Four Square Writing Method

The Four Square Writing Method is a simplified graphic organizer for teaching writing to children in school. While primarily used to teach persuasive writing, it has also been used to help teach deconstruction. The method was developed by Judith S. Gould and Evan Jay Gould in 1999.

It was developed initially for primary school students, but has also been used in high school classes.

The method is primarily a visual framework for assisting students with formulating ideas in an organized manner prior to writing an essay.

The concept generally works as follows:

    A rectangle is drawn, width exceeding height, and divided into four smaller rectangles of equal size. An additional rectangle is drawn in the center of the figure, taking up some of the area in each of the other four rectangles. A total of five rectangles are thus created.
    The student writes a complete topic sentence in the center rectangle.
    The student then writes sentences in the lower-left, upper-left, and upper-right rectangles that develop the thesis of the central topic.
    Finally, the student writes a summary sentence in the lower-right rectangle. The summary sentence describes how the reader is intended to feel about the topic.

Variations of the above rules may require more or less development in each of the rectangles, depending on the grade-level or maturity of the student.

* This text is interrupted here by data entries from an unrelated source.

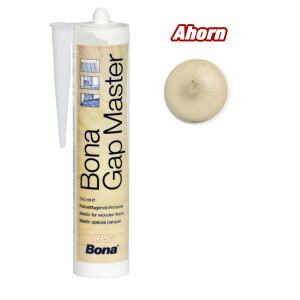 Ahorn - Bona Gap Master - Fugenmasse - Kartusche 310ml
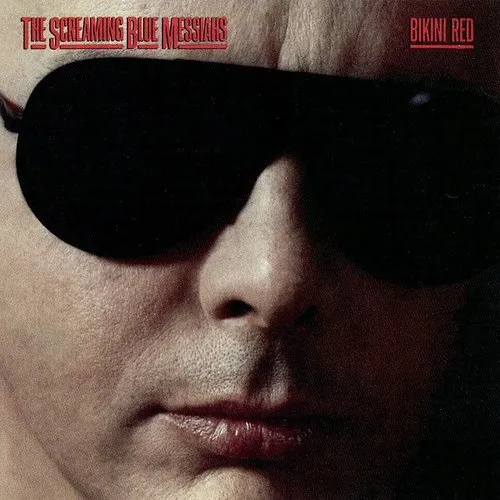 Screaming Blue Messiahs - Bikini Red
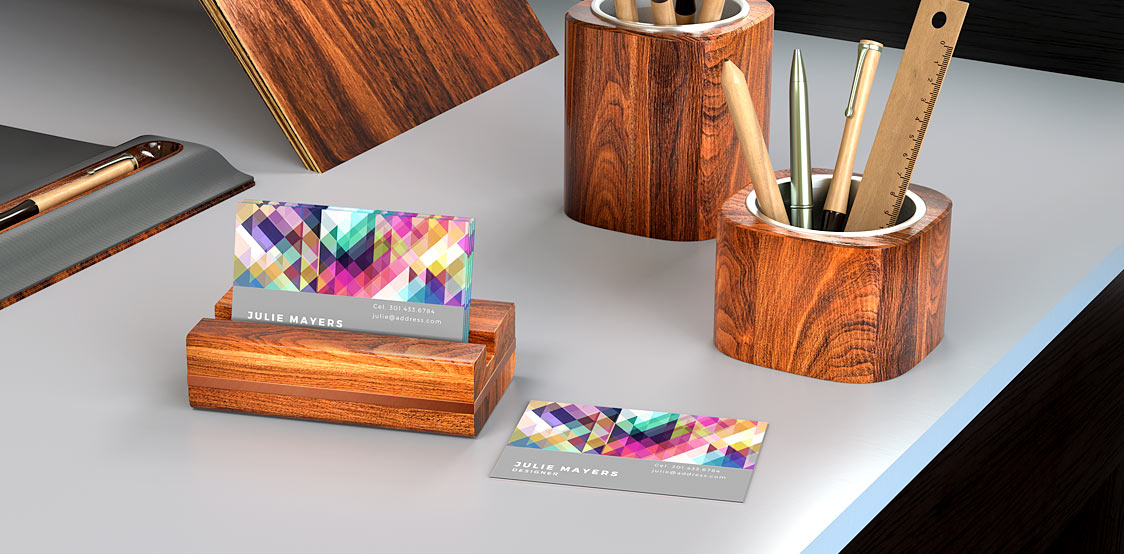 Contemporary PSD Mockup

Results show a consistent increase in the ability of students to write persuasively. A study at Springview Elementary School, in Allendale Charter Township, Michigan, noted, "significant growth was observed in the students' writings in both classes." Another study, carried out at American Senior High School in Miami-Dade County, Florida with older students, showed an increase in FCAT scores, though not as marked as the Michigan grade school students. It was noted that one teacher had remarkably more success with the program than others, and that teachers must be trained thoroughly to get best results from this method.